> [PROMPT]:
Beginning with the line that contains "Happiest Birthday Ever svg SVG orpitasn", transcribe the rest of the listing below exactly, including its last line, and exclude any pictures.

> [RECORDED INFORMATION]:

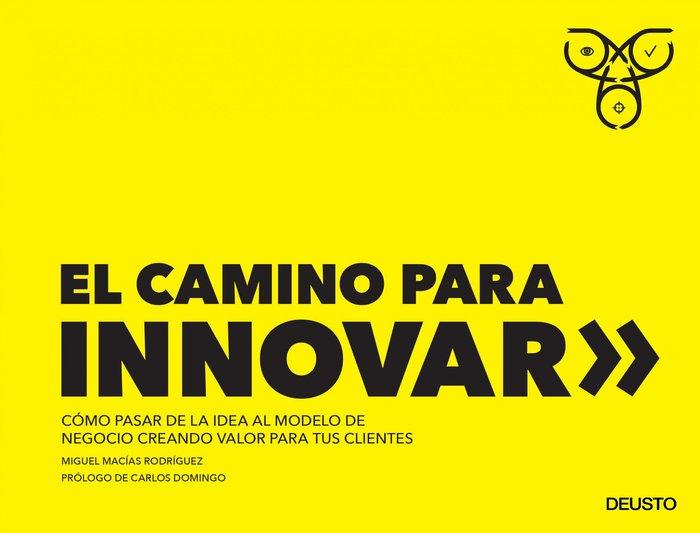 Vorderes Coverbild El camino para innovar : cómo pasar de la idea al modelo de negocio creando valor para tus clientes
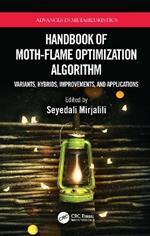 Handbook of Moth-Flame Optimization Algorithm: Variants, Hybrids, Improvements, and Applications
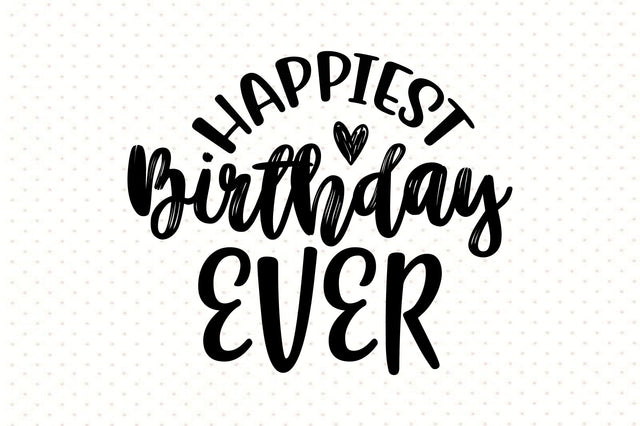 Happiest Birthday Ever svg SVG orpitasn 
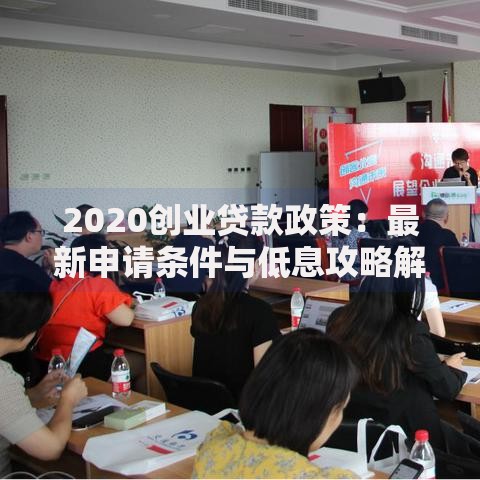 2020创业贷款政策：最新申请条件与低息攻略解析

> [EXERCISE OUTPUT]:
 Happiest Birthday Ever svg SVG orpitasn 
 2020创业贷款政策：最新申请条件与低息攻略解析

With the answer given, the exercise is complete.